If you like your Chromebook, but wish it could do more, try out Gallium OS. It’s a Linux distro that gives you full control over your hardware. As an added bonus, it’s based off of Ubuntu, so it’ll probably feel familiar if you’ve used that before.
Unlike crouton, it can overwrite Chrome OS, or dual boot. But, it can’t run within Chrome OS. That being said, it takes less than a minute to boot, so switching between them shouldn’t be that much of a hassle.
My first impressions of Gallium OS, was that it’s an amazing OS in general, let alone one designed for Chromebooks. After preparing your Chromebook(enabling dev mode and installing the BIOS thingie), all you need to do is boot from a Gallium OS flash drive, and follow the install instructions(you could also run it live, but I wouldn’t recommend it).
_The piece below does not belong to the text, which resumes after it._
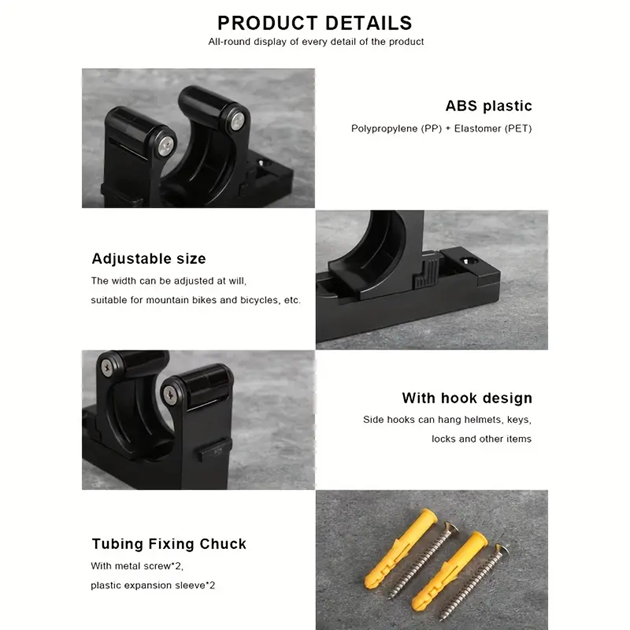 Bicycle Wall Mount Hook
The install was easy, and the live desktop is a great way to test it out before installing. As promised, all of the hardware, down to the brightness buttons on the keyboard, worked just fine. It did come with the Chromium browser installed, which I replaced with Google Chrome, and that actually ended up using less disk space.
You’re probably wondering why anyone would ever want to replace Chrome OS. Well, I did it to get more out of my Chromebook. I can now work on my C and Python programs without needing an internet connection(with Chrome OS, I had to SSH into my server to work on programming). I can even mess around with Swift if I wanted to, which I couldn’t do before. Also, you get full control over pretty much everything about the OS. If you want to change Desktop Environment you can, although I wouldn’t recommend it. Also, the OpenVPN client you can install on Gallium OS is far superior to the built in ChromeOS one, as I can use TCP port 443, which Chrome OS’s OpenVPN client doesn’t support.
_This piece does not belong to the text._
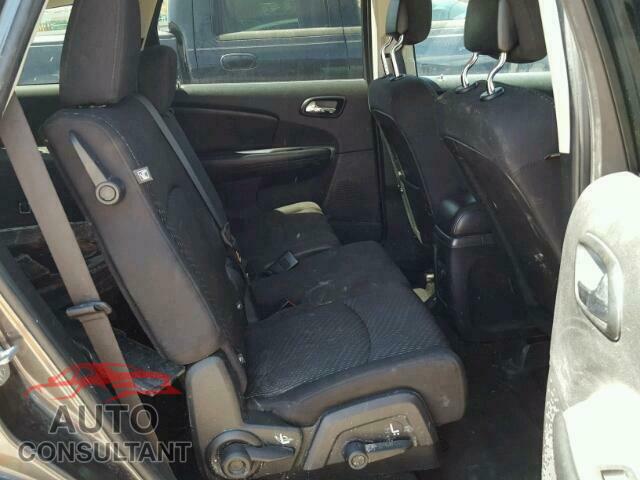 DODGE JOURNEY 2015 - 3C4PDDBG8FT526117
What if I want to go back?
If you like Gallium OS, install it, and end up changing your mind, then all you need to do is create a Chrome OS recovery flash drive, which there are many tutorials on how to do. Switching back isn’t that hard, but if you think you’ll still use Chrome OS, then consider dual boot instead of overwriting.
Why not crouton?
Crouton is great if you want Chrome OS, and want to mess around with another Linux distro every now and then. But, if you want to have full control over everything, then Gallium OS will probably be the best solution for you.